| TASK DETAILS |
Give back each entry exactly as written, apart from the pictures.

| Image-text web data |

※ ※ ※

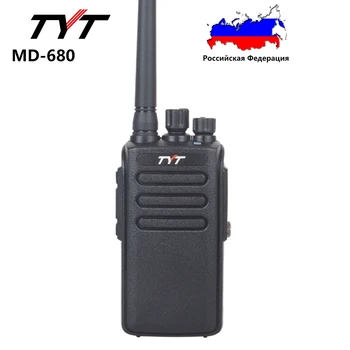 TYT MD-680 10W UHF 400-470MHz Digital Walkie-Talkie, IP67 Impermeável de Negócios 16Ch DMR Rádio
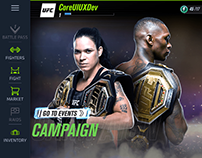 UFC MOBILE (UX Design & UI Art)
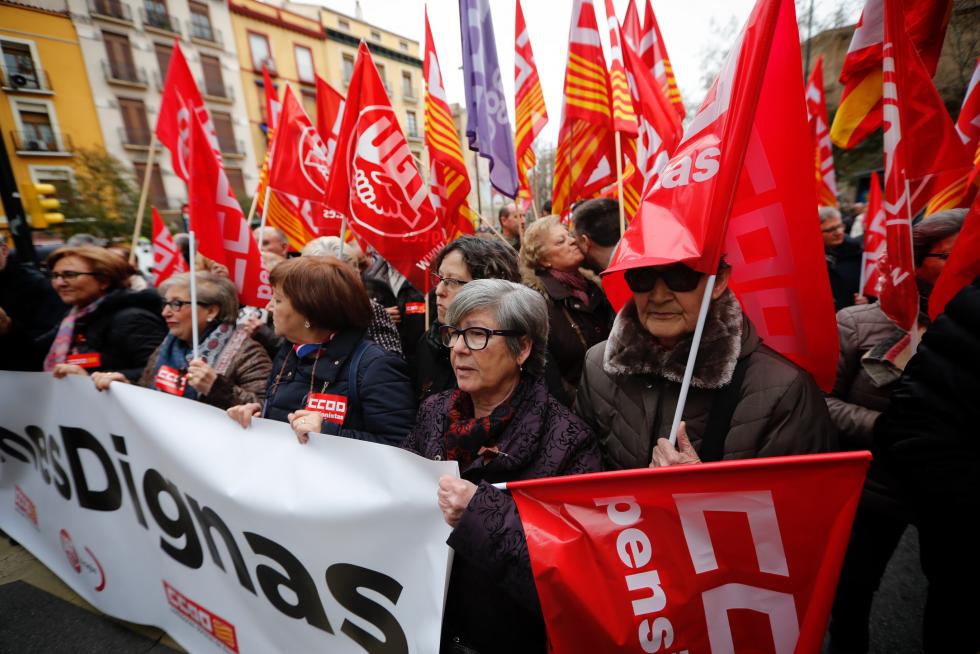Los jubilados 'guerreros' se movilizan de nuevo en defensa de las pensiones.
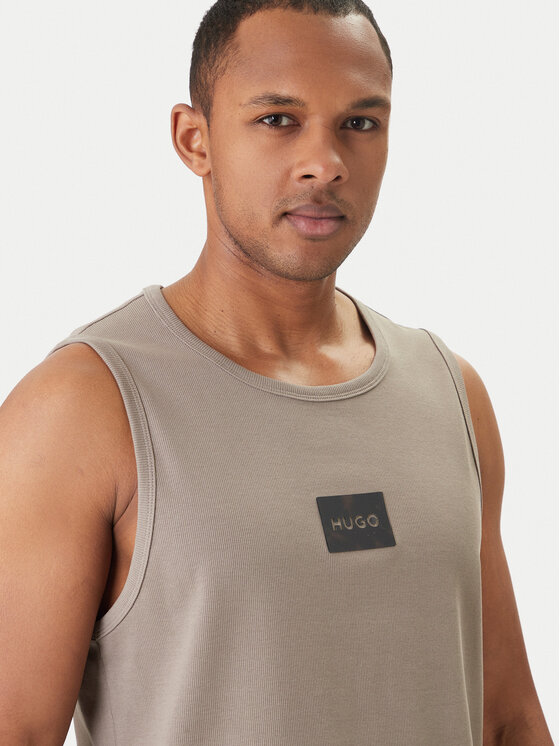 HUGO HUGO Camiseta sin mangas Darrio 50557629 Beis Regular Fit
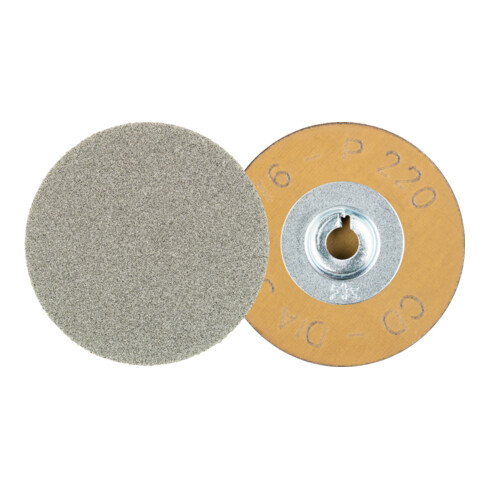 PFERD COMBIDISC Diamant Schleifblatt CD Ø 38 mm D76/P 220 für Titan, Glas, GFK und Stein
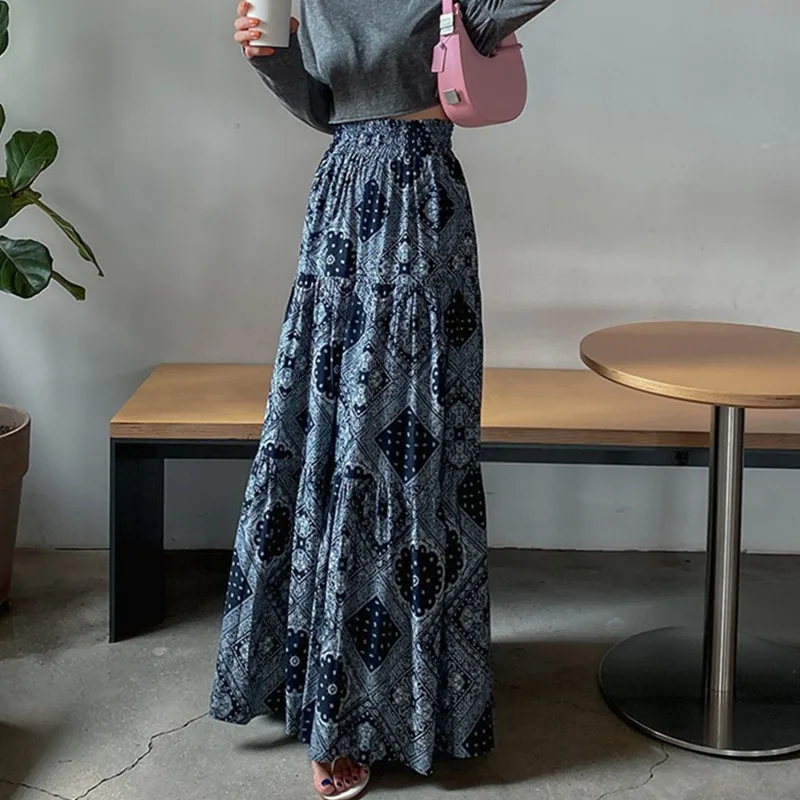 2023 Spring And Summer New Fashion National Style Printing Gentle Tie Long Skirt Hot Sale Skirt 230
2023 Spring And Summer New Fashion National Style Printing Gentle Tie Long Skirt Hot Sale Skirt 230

※ ※ ※

| TASK RESULT |
 TYT MD-680 10W UHF 400-470MHz Digital Walkie-Talkie, IP67 Impermeável de Negócios 16Ch DMR Rádio
 UFC MOBILE (UX Design & UI Art)
Los jubilados 'guerreros' se movilizan de nuevo en defensa de las pensiones.
 HUGO HUGO Camiseta sin mangas Darrio 50557629 Beis Regular Fit
 PFERD COMBIDISC Diamant Schleifblatt CD Ø 38 mm D76/P 220 für Titan, Glas, GFK und Stein
 2023 Spring And Summer New Fashion National Style Printing Gentle Tie Long Skirt Hot Sale Skirt 230
2023 Spring And Summer New Fashion National Style Printing Gentle Tie Long Skirt Hot Sale Skirt 230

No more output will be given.